As mentioned earlier, the GPU holds expertise in parallel computing. It adds a high degree of value to the processor. Also, this specialization grants them the ability to perform so many tasks at once.
A CPU breaks the given number of tasks into simplified ones one by one. This functioning is the exact opposite when compared with the working of a graphic processing unit.
What is TPU?
Tensor processing units or TPUs are specified frameworks for deep learning or performing machine learning applications. This invention of Google came into their use in 2015, and then it got available for general use in the year 2018.
A normal processing unit might lack the required abilities to handle computational demands, perform accurate AI calculations, and maintain proper algorithms.
TPU is one of the domain-specific architectures of Google, it got designed to cater to the needs of the computer network workloads and less power consumption. The normal processing units often lag on speed, but with TPUs, one can relax. The struggle of memory access gets responsible for this, which gets eliminated in this framework.
Summary of TPU
- Very high output.
- Dedicated Matric Processor.
- Compatible with large neural networks.
- Much better than a CPU.
How do TPUs Work?
The memory’s parameter gets converted by the TPU into the matrix of multipliers or adders. Then from the converted memory, data gets loaded. The results extracted after executing the multiplications get passed onto the new multipliers.
Amidst everything, the process of adding things together also continues. The unique feature of this function is it requires no memory access for any calculations. If you wonder about the output, it is usually the synopsis of all the carried-out multiplications.
TPU Vs. GPU
Before choosing between the two, one needs to figure out how much one’s pocket allows. Both GPU and TPU bring a lot to the table regarding handling neural networks, deep learning, and even AI. But, TPU works faster than the former and also uses fewer resources.
So, if it falls within your budget, you can avail this framework. Even if the GPU is the one that gets chosen, it is also one of the good choices. Here is TPU Vs. GPU:
Frequently Asked Questions (FAQs)
These are some of our viewers’ most frequently asked questions about the best laptops under $500 for video editing. I hope that helped clarify some of your questions regarding the best laptop for video editing.

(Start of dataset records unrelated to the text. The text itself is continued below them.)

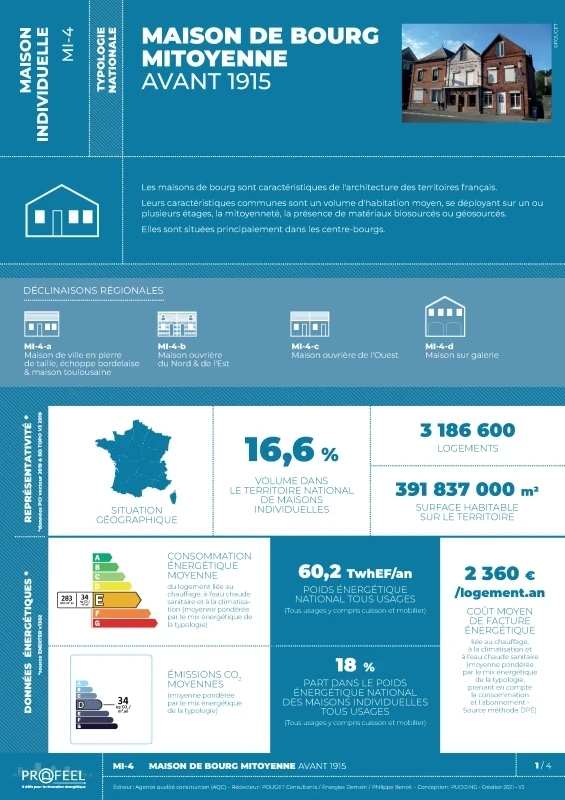 FICHE TYPOLOGIE (analyse du parc existant) MI-4 de PROFEEL - Page 1 FICHE TYPOLOGIE (analyse du parc existant) MI-4 de PROFEEL - Page 1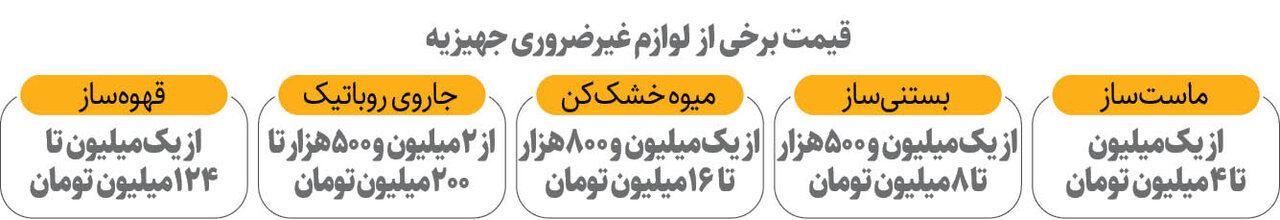 پای وسایل عجیب به خرید جهیزیه هم باز شد | از بستنی ساز ۸ میلیونی تا جارو رباتیک ۲۰۰ میلیون تومانی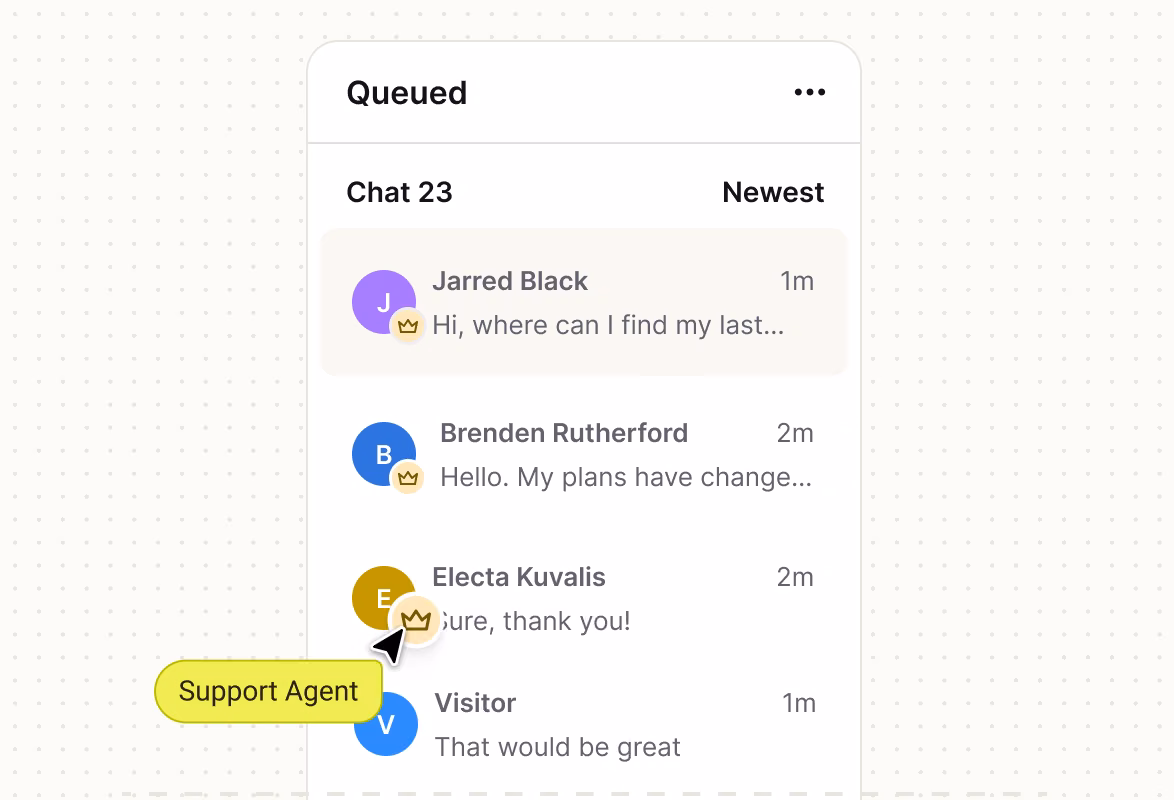 Queue of chats in Text with VIP customers marked with a crown icon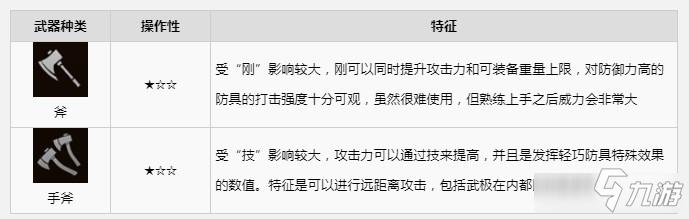 仁王2强力武器推荐 仁王2强力武器排名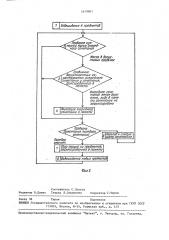 Способ комбинационного весового дозирования предметов (патент 1619061)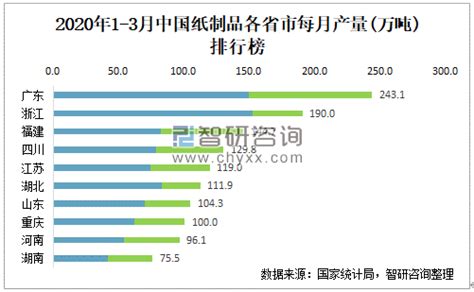 2022年中国造纸行业市场现状预测分析：主要分布在东部地区（图）-中商情报网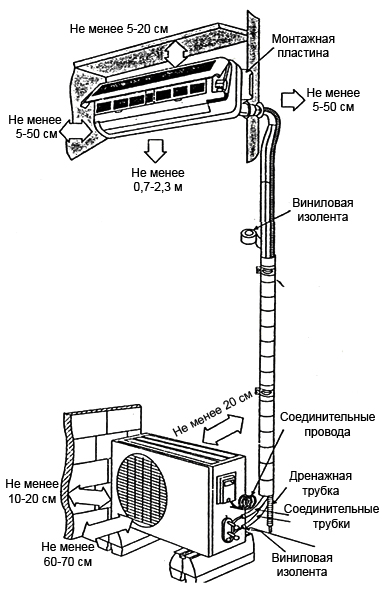 Схема монтажа внутреннего и внешнего блока сплит-системы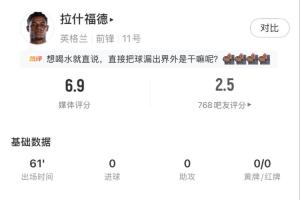 拉什福德首发表现：射中3次，正射1次，两次失球，8次丢球权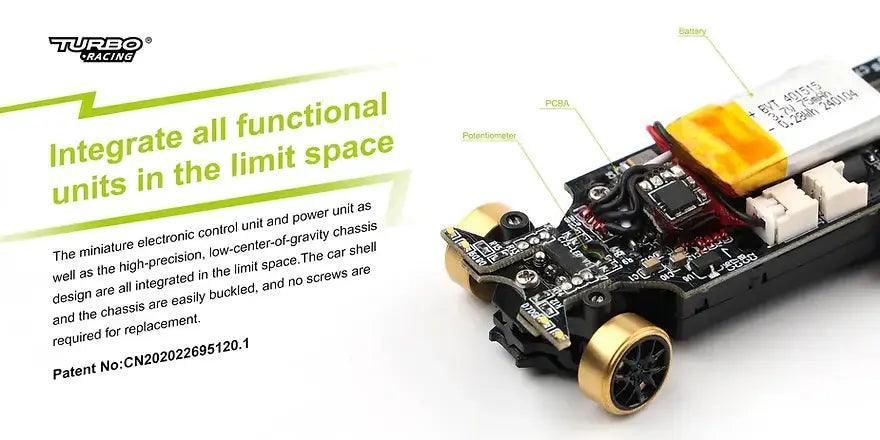 Turbo Racing C65 1:76 RTR Desktop Drift RC Car(with Gyro) | India.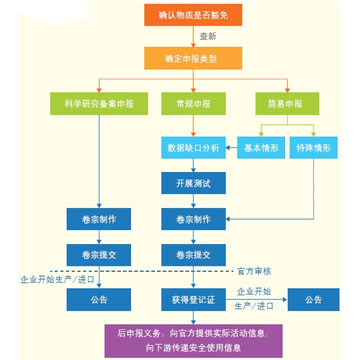 中国新化学物质申报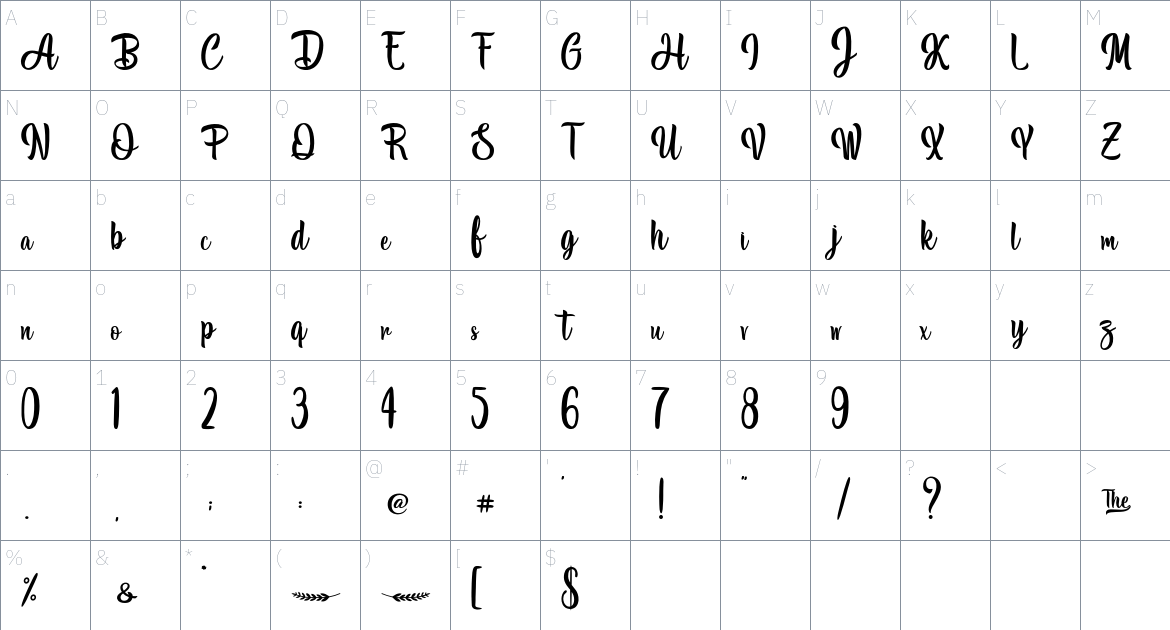 Make The Best font Character Map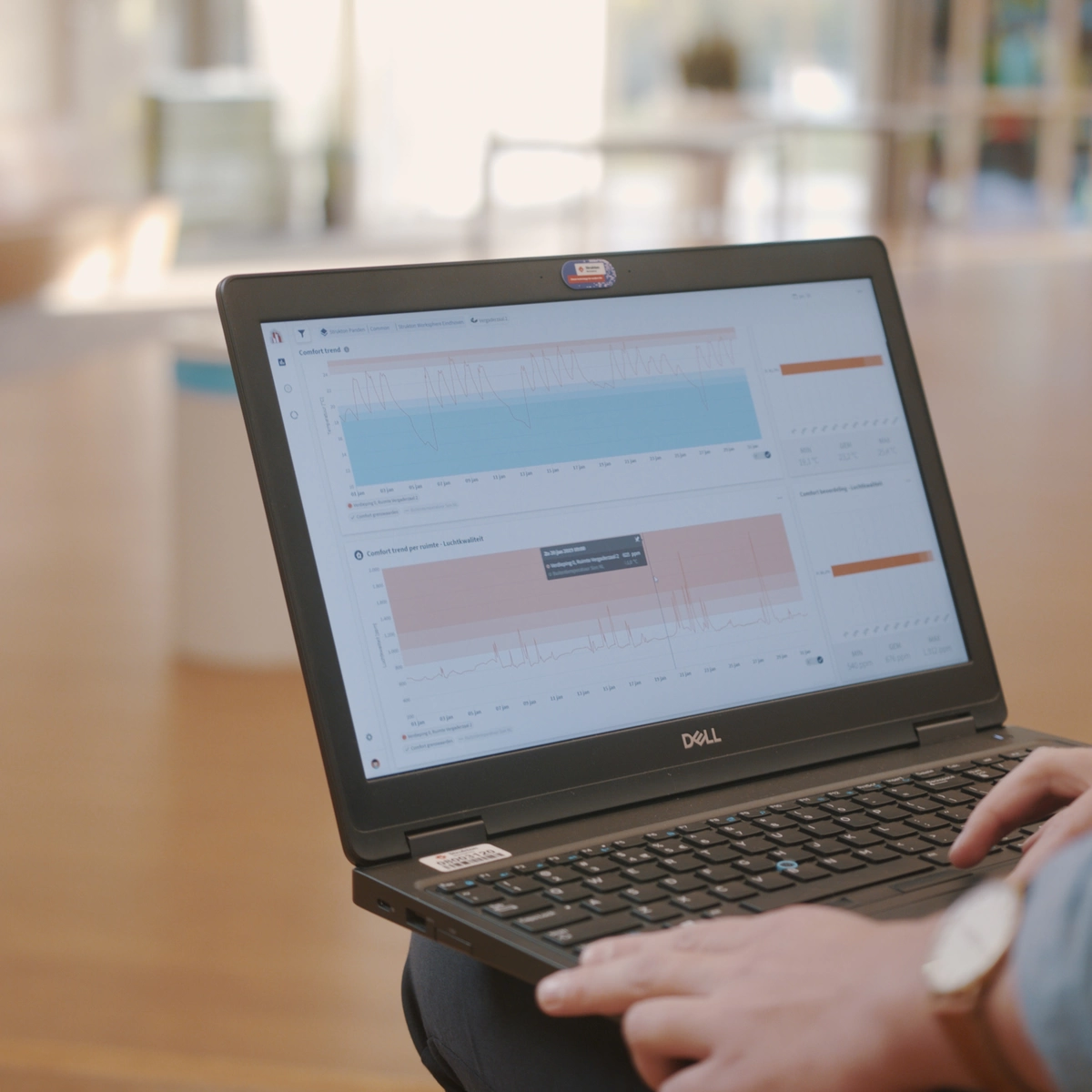 Plaatsing van CO₂-sensoren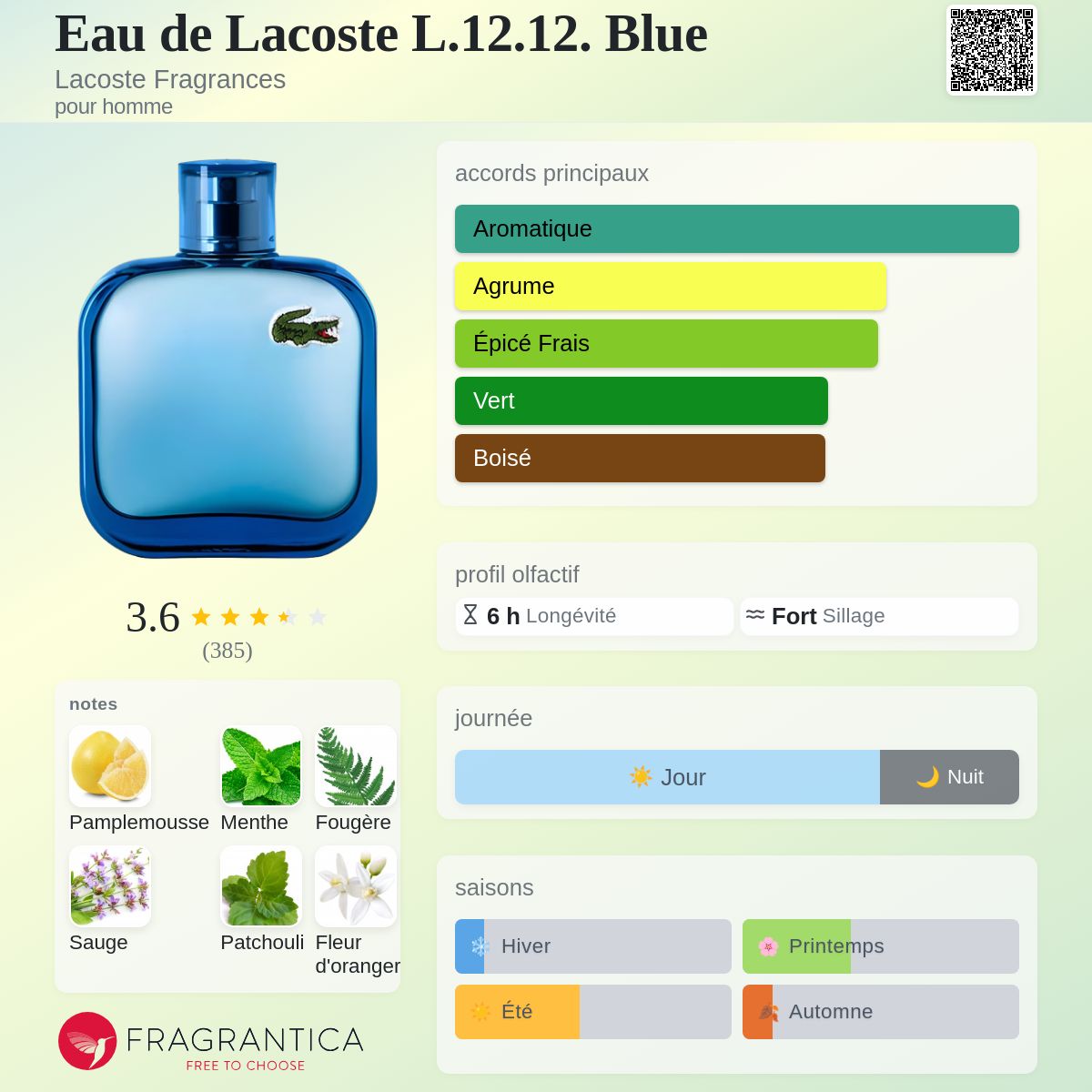 Lacoste Bleu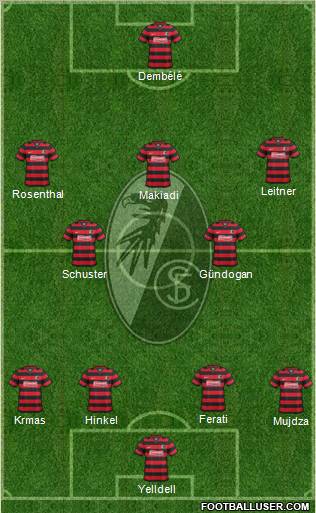 SC Freiburg Formation 2012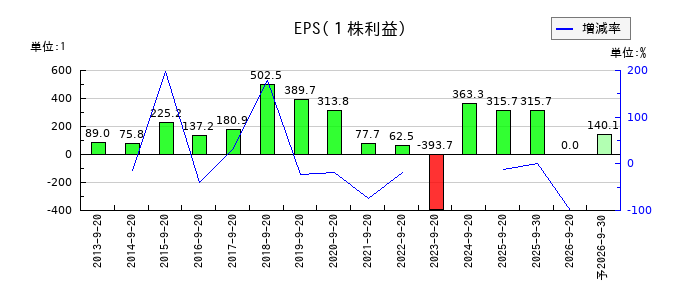 マルサンアイのEPS(一株当たりの利益)推移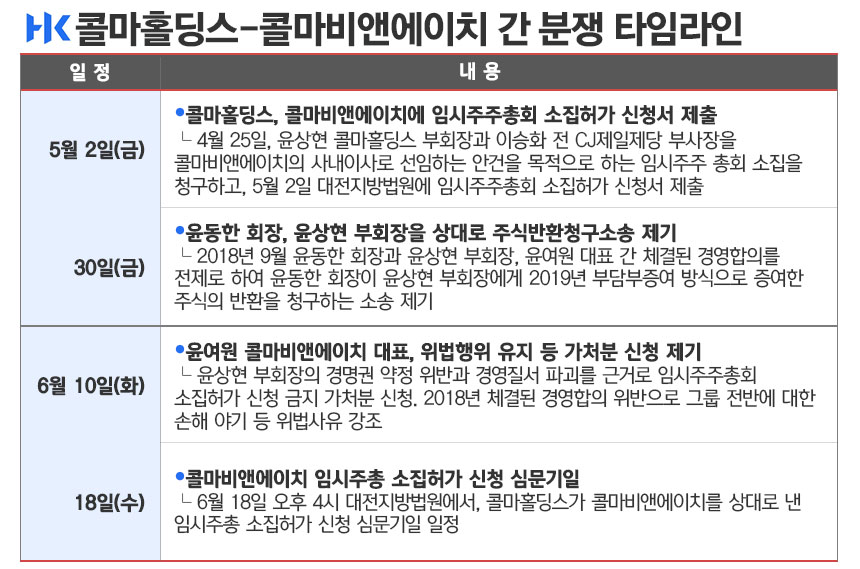 콜마홀딩스-콜마비앤에이치 간 분쟁 타임라인. / 표=김은실 디자이너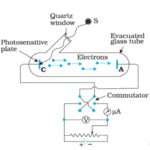 Photoelectric effect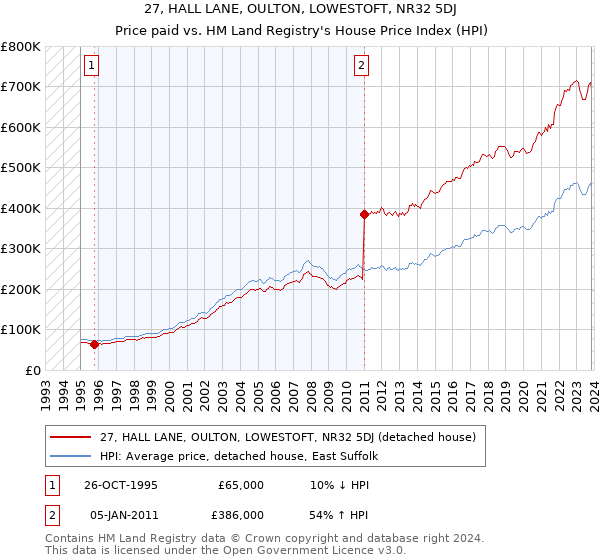 27, HALL LANE, OULTON, LOWESTOFT, NR32 5DJ: Price paid vs HM Land Registry's House Price Index
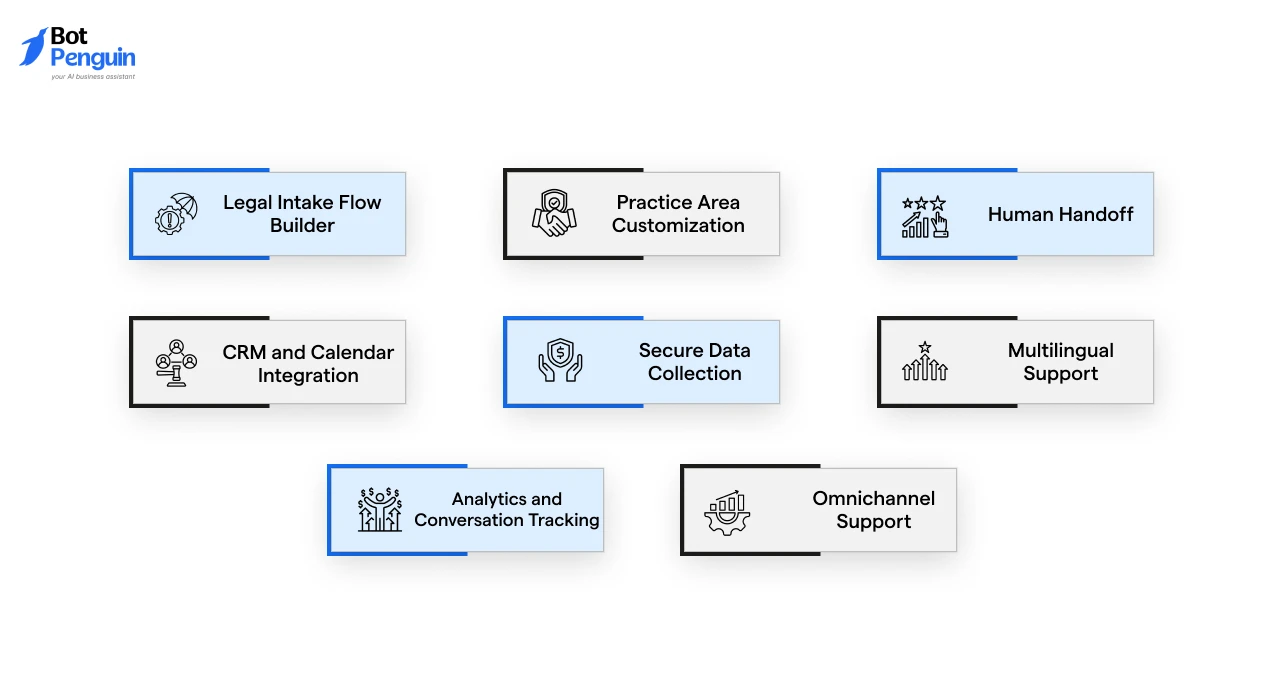Features to Look for in an AI Chatbot for Law Firm Website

In case you have any other questions not answered here, feel free to ask them in the comments section below. We’ll do our best to answer them.
1. Is TPU faster than GPU?
Yes, TPU is faster than GPU. Also, it uses a lesser amount of resources and is capable of shouldering the responsibility of handling large neural networks also.
Both TPU and GPU are made for different needs; you should go with GPU if you work with graphics and play games, and you can go with TPU if you work more with AI and machine learning.
2. What is the difference between GPU and TPU?
A graphic processing unit(GPU) breaks down the number of tasks into many and then carries them out all at once. This performance enhancer aims at graphics and AI workloads.
On the other hand, Tensor processing units(TPU) are Google’s dedicated learning framework spanning over machine learning workloads.
3. Which is better for deep learning, GPU or TPU?
GPU and TPU are both made for different needs. If you want to step up the workflow of data sciences, GPU is the one you should choose.
But, if the purpose of your purchase is to speed up the learning process of a machine learning model, then you should buy TPU.
If you don’t keep up with the changing technologies, you might be left behind in the crowd. The modern time marks many alternatives or varieties of the same thing.
Similarly, different processors in the market offer their own set of advantages based on their specifications. Today, it finishes down to three options. One can expect more options to choose from as researchers will progress in the future.
We hope this article about TPU Vs. GPU is helpful to you. Do share which one you will purchase and why in the comment section below.